Je suis certain que préparer le Spartathlon permet de progresser quoiqu’il arrive, mais courir le Spartathlon permet aussi de faire des progrès. C’est une évidence, mais c’est tellement vrai…
J’ai donc progressé et l’avenir me dira à quel point et dans quels domaines. Je dois remercier mes copains du team France avec lesquels j’ai passé des moments inoubliables, y compris après la course où la rigolade fut de mise. J’ai apprécié le groupe dans son ensemble avec les accompagnateurs, ou plutôt les accompagnatrices. Je voudrais cependant remercier tout particulièrement l’un d’entre eux dont le geste m’a profondément touché. Dans la cohue de la fin de course, je n’ai pas récupéré mon tee-shirt de finisher. Le lendemain, l’organisation m’a promis de m’en procurer un que j’aurais dû récupérer lors du gala de remise des prix. Seulement voilà, il y a eu erreur et c’est un second tee-shirt de participation qui m’a été remis. Je n’ai pas osé faire une seconde réclamation et dépité j’ai renoncé à ce petit plaisir. Au moment de repartir, alors que je ne m’y attendais absolument pas David Le Broc ’h m’a gentiment offert le sien, touché qu’il avait été par mon parcours sportif.
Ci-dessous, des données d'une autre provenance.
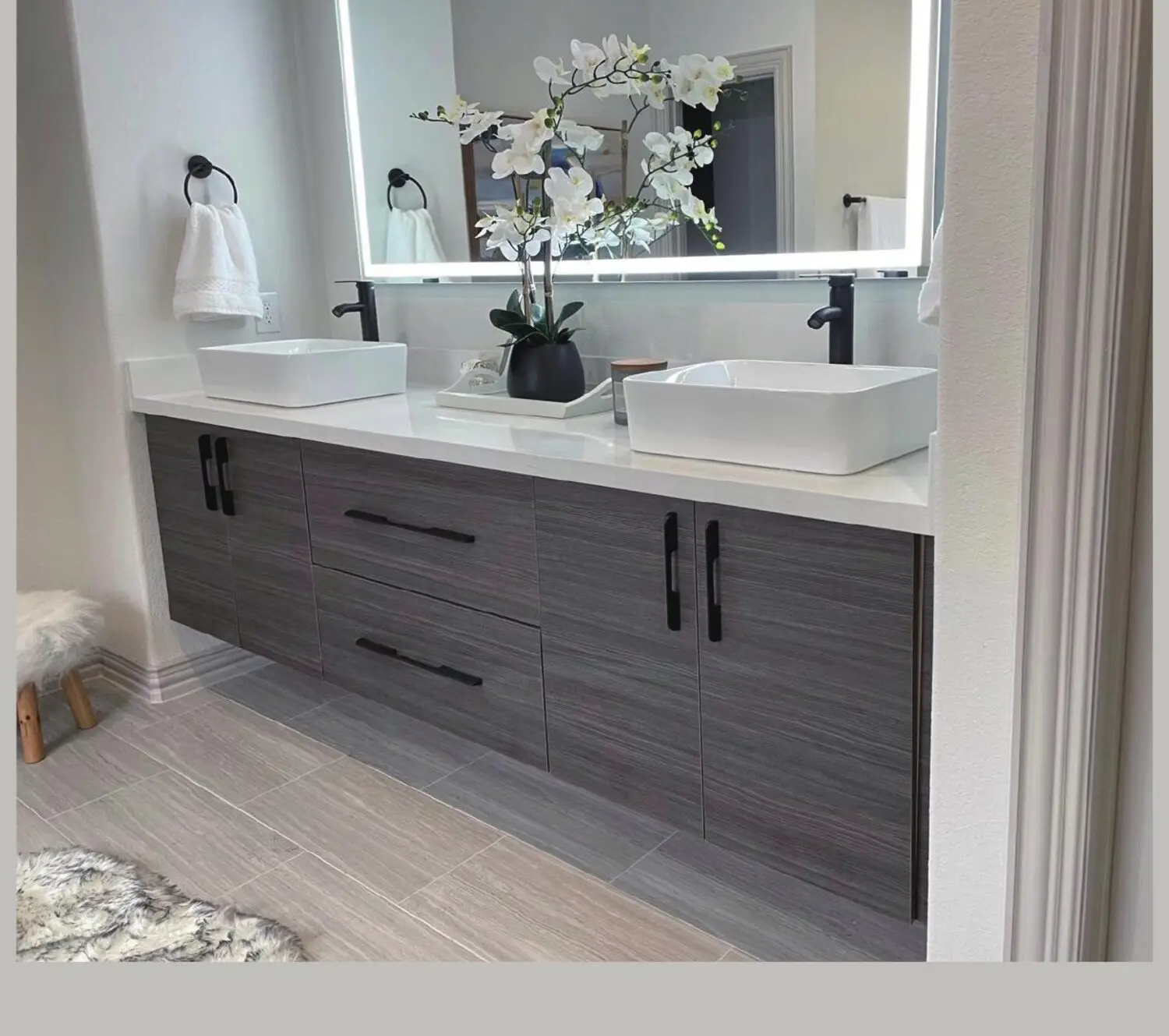Floating double vanity in grey woodgrain with vessel sinks and a backlit mirror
Ce geste d’une grande générosité et plein de tout ce que j’admire chez un sportif, de surcroit un grand champion comme lui, m’a véritablement ému et je l’en remercie très sincèrement du fond du cœur.
Voilà, le Spartathlon c’est aussi des moments d’amitié comme celui-là.
Enfin, je dois une grande part de cette réussite à ma femme Marie qui n’étant pas sportive, comprend ma démarche et m’accompagne avec toute son énergie. Sans elle, le Spartathlon n’aurait peut-être pas existé dans ma vie.